EXERCISE INSTRUCTIONS: What you return should match every record exactly, with the images removed.

■ ■ ■ ■

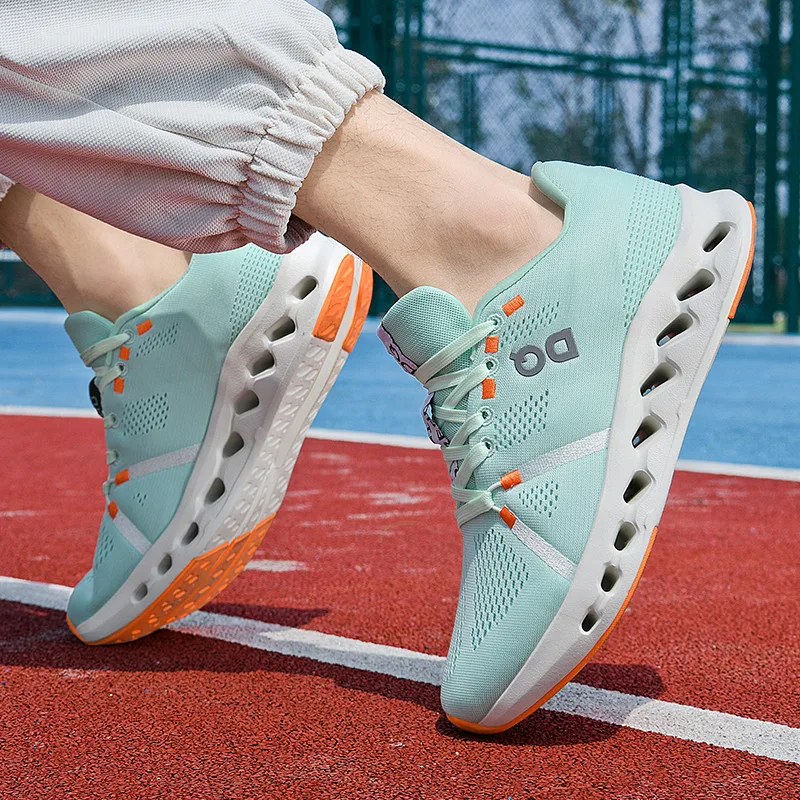 New Outdoor Cushioning Soft Sole Professional Breathable Mesh Sports Shoes Men's Fashion Test Racing Running Shoes Men's and Women's Jo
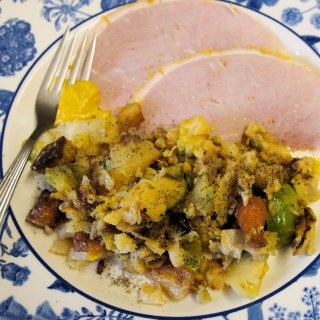 Boxing Day Brunch - Ham and Bubble and Squeak (Recipe)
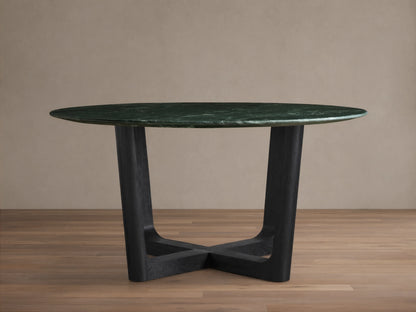 Saint Germain Round Stone Dining Table with Rennes Base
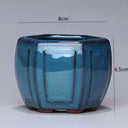 Chinese Style Bonsai Pots Breathable Stoneware Bonsai Pots With Holes Chinese Style Bonsai Flowerpot Ceramic Crafts for Garden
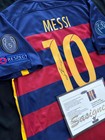 Lionel Messi Signed Retro Fc 10 Barcelona Shirt jersey   Coa  read Description 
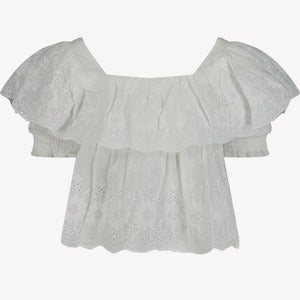 Mayoral Kinder Meisjes Blouse Wit 2Y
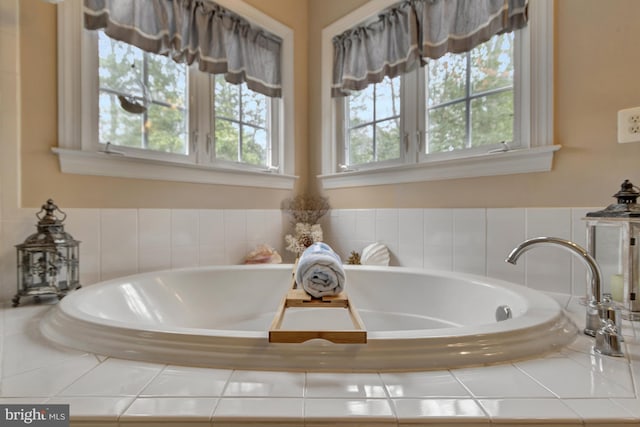 full bath featuring a garden tub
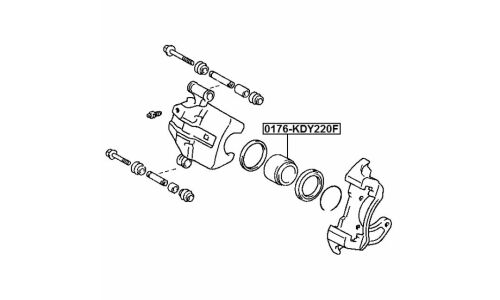 Поршень тормозного суппорта Febest, передний, арт. 0176-KDY220F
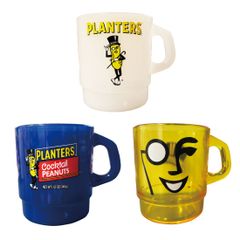 【ミスターピーナッツ】マグマップ STACKING MUG-PLANTERS アメリカン雑貨 ガレージ  ミルキーマグカップ スタッキングマグカップ コップ タンブラー キャンプ アウトドア 釣り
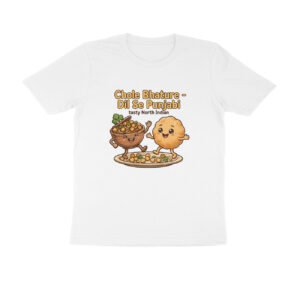 Chole Bhature Funny T-Shirt | Dil Se Punjabi Food Tee | North Indian Food Lover Shirt
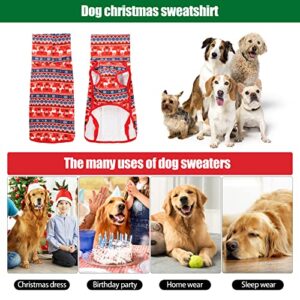 Dog Sweater Pullover Cold Weather Vest for Dogs Dog Sweatshirt Dog Jacket for Indoor and Outdoor Use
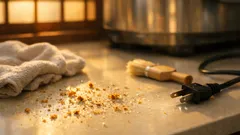 トースター掃除は10分で完了 パンくずと焦げ付きをラクに落とす基本手順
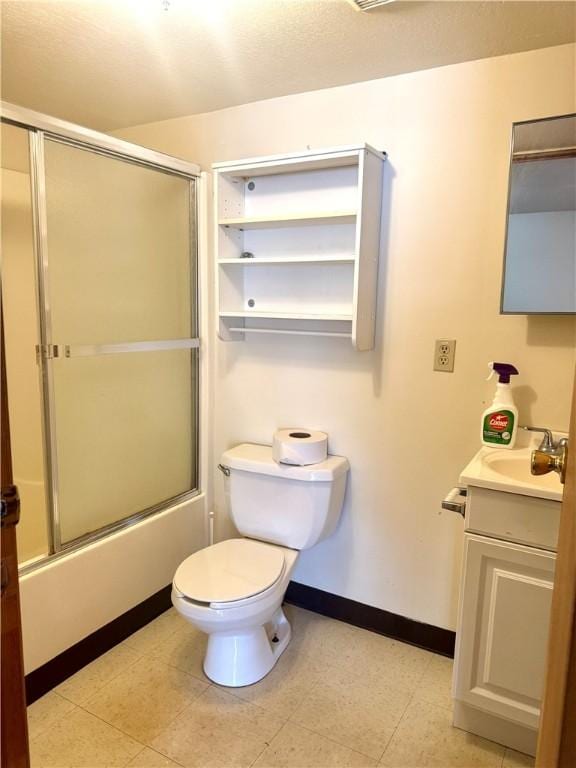 230 E Water St, Slippery Rock Boro, PA 16057 - bathroom with vanity and enclosed tub / shower combo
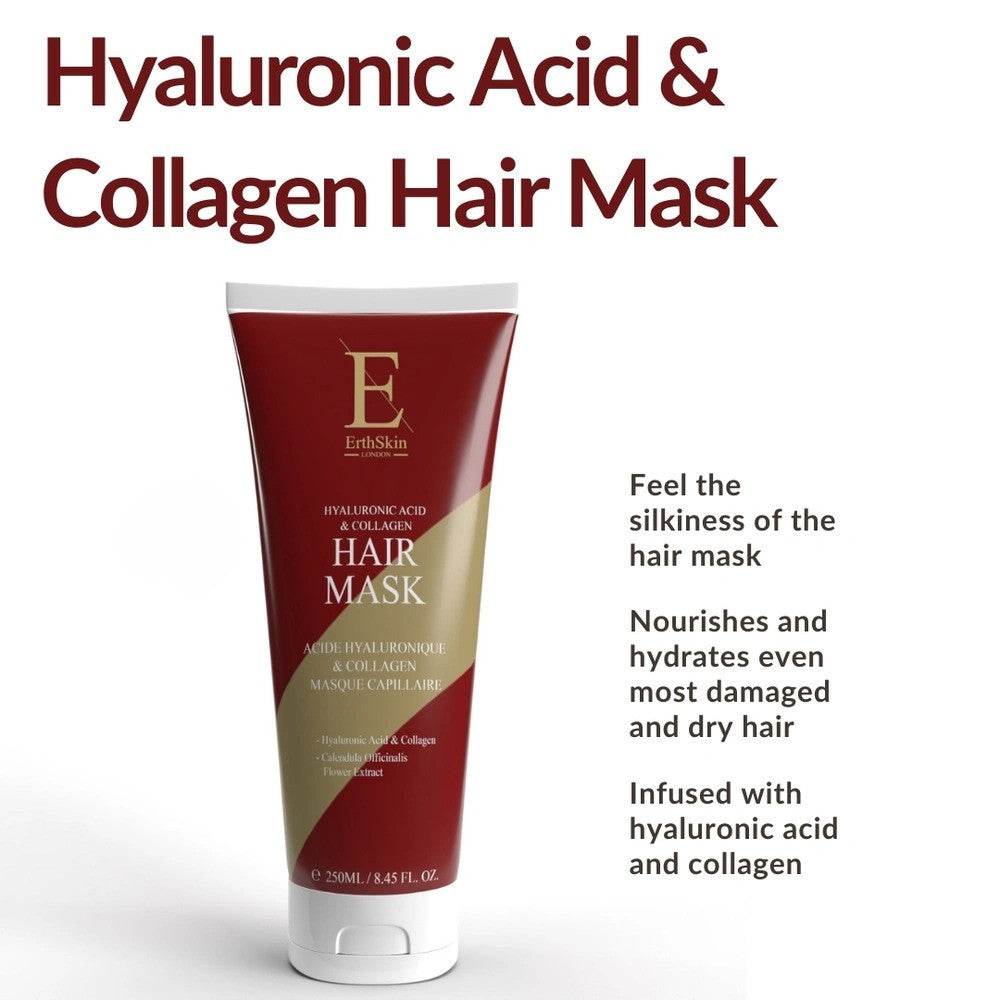 Erth Skin London | Hyaluronic Acid & Collagen HAIR MASK 250ml - StyleOcean Limited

■ ■ ■ ■

EXPECTED ANSWER:
 New Outdoor Cushioning Soft Sole Professional Breathable Mesh Sports Shoes Men's Fashion Test Racing Running Shoes Men's and Women's Jo
 Boxing Day Brunch - Ham and Bubble and Squeak (Recipe)
 Saint Germain Round Stone Dining Table with Rennes Base
 Chinese Style Bonsai Pots Breathable Stoneware Bonsai Pots With Holes Chinese Style Bonsai Flowerpot Ceramic Crafts for Garden
 Lionel Messi Signed Retro Fc 10 Barcelona Shirt jersey   Coa  read Description 
 Mayoral Kinder Meisjes Blouse Wit 2Y
 full bath featuring a garden tub
 Поршень тормозного суппорта Febest, передний, арт. 0176-KDY220F
 【ミスターピーナッツ】マグマップ STACKING MUG-PLANTERS アメリカン雑貨 ガレージ  ミルキーマグカップ スタッキングマグカップ コップ タンブラー キャンプ アウトドア 釣り
 Chole Bhature Funny T-Shirt | Dil Se Punjabi Food Tee | North Indian Food Lover Shirt
 Dog Sweater Pullover Cold Weather Vest for Dogs Dog Sweatshirt Dog Jacket for Indoor and Outdoor Use
 トースター掃除は10分で完了 パンくずと焦げ付きをラクに落とす基本手順
 230 E Water St, Slippery Rock Boro, PA 16057 - bathroom with vanity and enclosed tub / shower combo
 Erth Skin London | Hyaluronic Acid & Collagen HAIR MASK 250ml - StyleOcean Limited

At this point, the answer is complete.